MAKASSAR, KOMPAS.com - Aktivis yang tergabung dalam Koalisi Selamatkan Laut Indonesia (KSLI) mengungkapkan fakta baru terkait proyek penambangan pasir laut di perairan Pulau Kodingareng, Makassar.
Wakil Direktur Eksekutif Nasional Walhi Edo Rakhman mengatakan, aktivitas tambang pasir PT Boskalis Wessie berada di atas konsesi tambang milik PT Banteng Laut Indonesia.

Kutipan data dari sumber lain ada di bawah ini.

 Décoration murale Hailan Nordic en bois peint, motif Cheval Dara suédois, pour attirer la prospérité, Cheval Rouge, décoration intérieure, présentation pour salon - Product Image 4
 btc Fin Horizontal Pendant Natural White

PT Boskalis bekerja sama dengan PT Pembangunan Perumahan selaku kontraktor pelaksanaan dari proyek strategis nasional Makassar New Port (MNP) yang pemiliknya ialah PT Pelindo IV.

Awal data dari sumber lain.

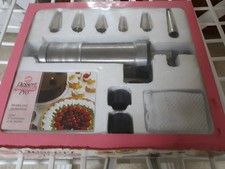 siringa per dolci con beccucci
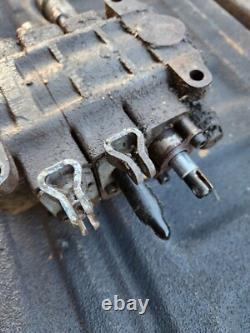 Gehl SL5625 Hydraulic Control Valve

Hasil tambang dari PT Boskalis ini yang nantinya akan digunakan untuk material timbunan di proyek reklamasi MNP tersebut.

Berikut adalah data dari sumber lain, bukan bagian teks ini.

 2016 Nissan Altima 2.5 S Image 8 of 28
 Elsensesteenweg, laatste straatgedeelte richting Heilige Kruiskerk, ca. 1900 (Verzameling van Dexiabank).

Edo kemudian mempertanyakan sikap Gubernur Sulawesi Selatan Nurdin Abdullah tidak berkomentar, bahkan empati terhadap nelayan Kodingareng yang dikriminalisasi saat menolak tambang pasir.
Setelah penelusuran dokumen yang dilakukan timnya dari Ditjen AHU Kementerian RI dan akta perusahaan yang tercantum di dokumen AMDAL, kata Edo, PT Banteng Laut Indonesia bersama PT Nugraha Indonesia Timur menguasai 12 total izin tambang di perairan Takalar, Sulsel.
Dari sini, lanjut Edo, PT Banteng Laut Indonesia memiliki keterkaitan dengan Gubernur Sulawesi Selatan Nurdin Abdullah.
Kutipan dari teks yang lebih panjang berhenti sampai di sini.